Real-Time Analytics Arrives On Facebook

For anyone who has or maintains a Facebook Fan Page, you are aware of the Facebook Insights, which allows administrators to keep track of analytics. In an extensive update round from Facebook publishers who use Facebook plugins can see those analytics in real-time.

The Insights update enables publishers to get real-time data and metrics of their content and how their sites are performing in relation to Facebook. For example, this update will enable publishers to see how their posts are being seen. Of course, the analytics are exportable through Facebook’s Graph API.

This new update also includes a look into content performance off Facebook. Publishers can see the impressions, referral clicks, and most popular pages on their site. Publishers also have the ability to view the top 100 pages that get the most Facebook traffic.

Web site publishers with Like buttons will be able to see how many people saw the button, clicked on it, saw the story related to it, and how many of them clicked on the button. The Insights also provides metrics for the recently updated Comments plugin, enabling publishers to see the comment flow and where it is coming from. Finally, publishers will be able to learn more about their audience that interacts with its Facebook features on their site. The publisher can easily view the age group, gender, language, and country from which users are most active.

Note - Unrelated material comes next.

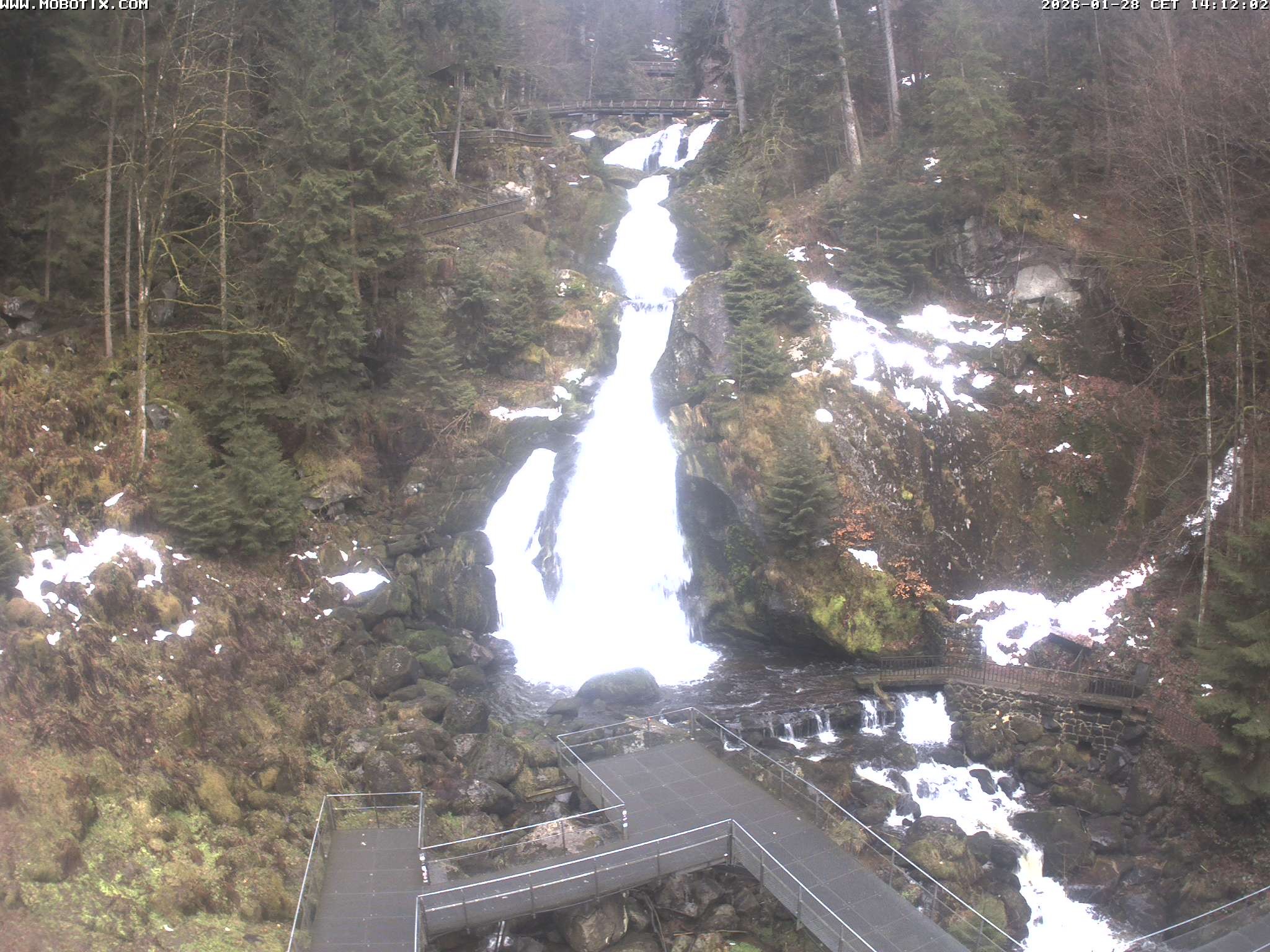 Archiv Foto Webcam Triberg Wasserfälle im Schwarzwald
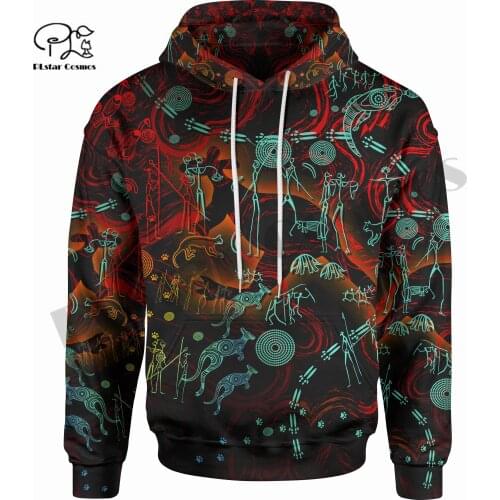 PLstar Cosmos 3DPrint Native Australian Tribe National Culture Amazing Harajuku Streetwear Funny Unisex Hoodies/Sweatshirt/Zip 4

Facebook is taking a new spin on the analytics of a Web site. No longer will the numbers be represented by views but how much interaction a post or Web site gets. Google Analytics is going to see some heavy competition with Facebook’s new updates. Both services do essentially the same thing and with more users than ever using Facebook those numbers may go up quickly.

What it all boils down to is the interaction from the community that is reading and watching content, anyone can just post information but with a community it can be shared over and over and can also extend the conversation beyond the article.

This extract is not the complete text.